In most cases, multiple loan servicing companies will be assigned to a CMBS loan. Day-to-day servicing is typically taken care of by a master servicer. However, if a borrower defaults on their loan, servicing will be shifted to special servicer, who will either attempt to help the borrower become current, or, alternately, will decide to foreclose on the property.
CMBS Pooling and Servicing Agreements (PSAs)
Potential CMBS borrowers should understand that conduit loans are governed by lengthy and complex contracts, known as Pooling and Servicing Agreements, or PSAs. A PSA will lay out the various rights and responsibilities of a master servicer, a special servicer, the investors, and any other relevant parties. On average, PSAs are often 400- 500+ pages long and sometimes contain hundreds of definitions. This can make them difficult to understand, especially as their definitions and rules can sometimes differ from the definitions in the actual loan agreement. However, it is still important for borrowers to read (or have an attorney or advisor read) through their loan’s Pooling and Servicing Agreement, in order to understand exactly what will be expected from them.

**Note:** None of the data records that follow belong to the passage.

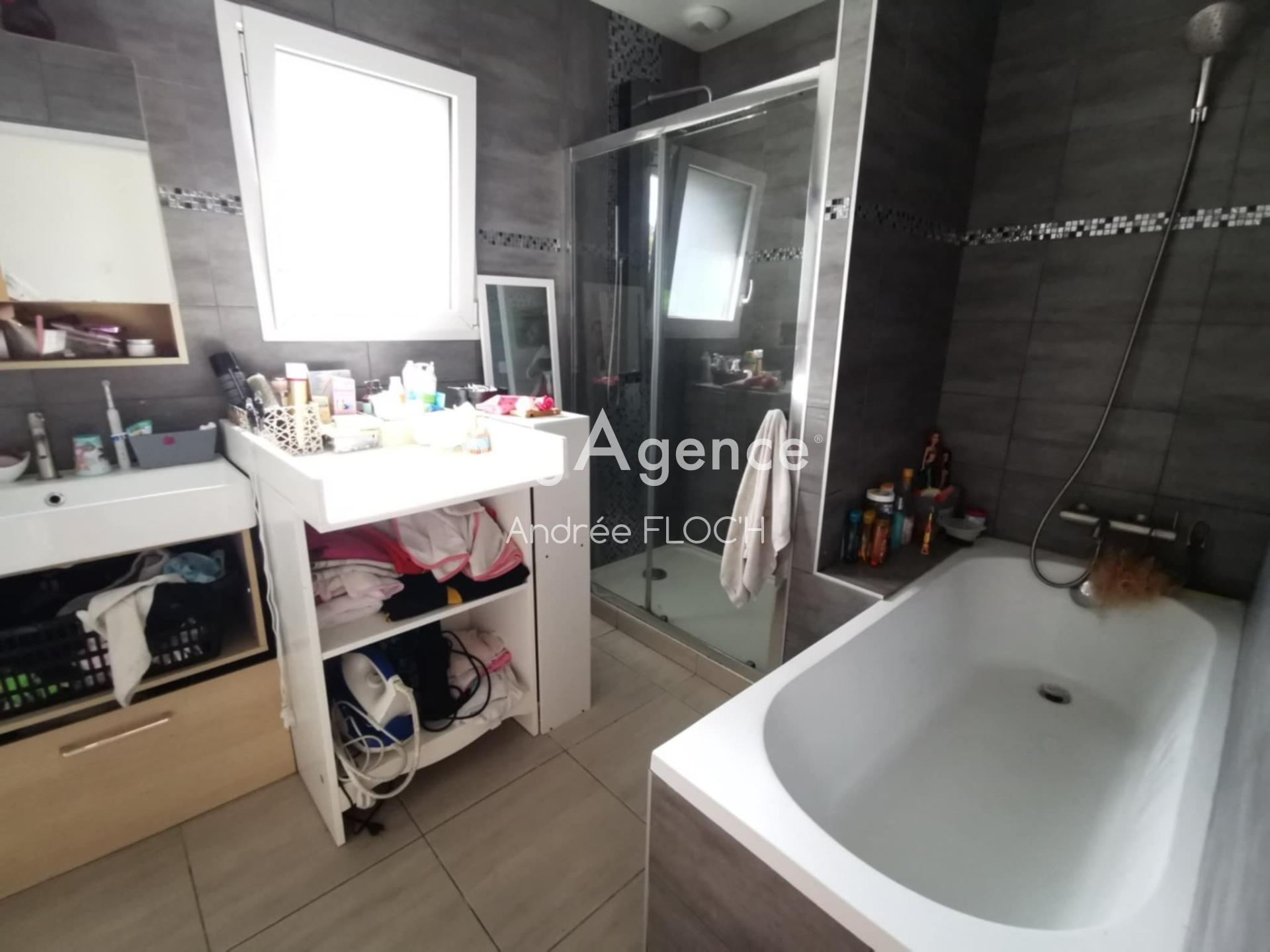 Miniature photo - 7 / 10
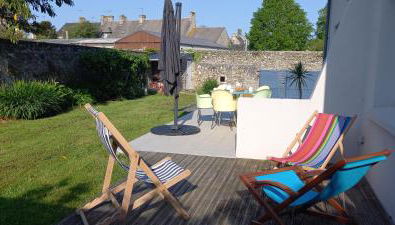 Retour de plage - Foto 5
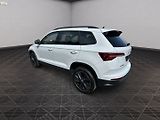 Škoda Karoq (2022) 2,0TDI 4x4 DSG Style - náhled 4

The Role of the Master Servicer
Master servicers are generally responsible for handling everyday issues, such as collecting and receiving collecting monthly mortgage payments and required escrows, paying insurance premiums and real estate taxes, maintaining books and records related a borrower’s loan, and keeping tabs on a borrower to prevent issues that could lead to a loan default. While master servicers can usually handle small borrower requests, such as lease approvals and minor credit issues, for larger issues, such as loan assumptions, they will often need approval of the special servicer, as well as the investors. In some scenarios, a master servicer may actually assign a secondary servicer, known as a primary servicer, to execute many of the everyday functions that they are responsible for.
The Role of the Special Servicer
If a conduit loan goes into default, a special servicer will take over the servicing of the loan. In most cases, this is a separate firm, but some situations, one servicer will carry out the functions of both a master servicer and a special servicer. In an ideal situation, the special servicer will do everything they can to help the borrower get current on their loan, avoiding a foreclosure. However, the special servicer’s responsibility is to the investors, not to the borrower. In fact, in most CMBS deals, the b-piece buyers (the bondholders with the riskiest class of CMBS) actually get to choose the special servicer. Since they are the last group of bondholders to get paid if the borrower defaults on their loan, b-piece investors often want to be able to choose a special servicer they believe will work diligently in their best interests.
Unfortunately, some special servicers have a reputation for putting their own needs before that of both investors and borrowers. Due to the fact that special servicers often have the right to acquire a foreclosed property at a discount, some firms will intentionally foreclose on a property simply in order to purchase it. However, it should be noted that b-piece investors can replace a special servicer at any time if they believe the firm is not acting in their best interests.
It’s important to keep in mind that borrowers generally do not have any control over which servicing companies work on their loans; however, they may be able to find out which ones are assigned before signing a loan agreement. If a deal has a special servicer with a particularly bad reputation, a borrower may want to think twice before signing on the dotted line.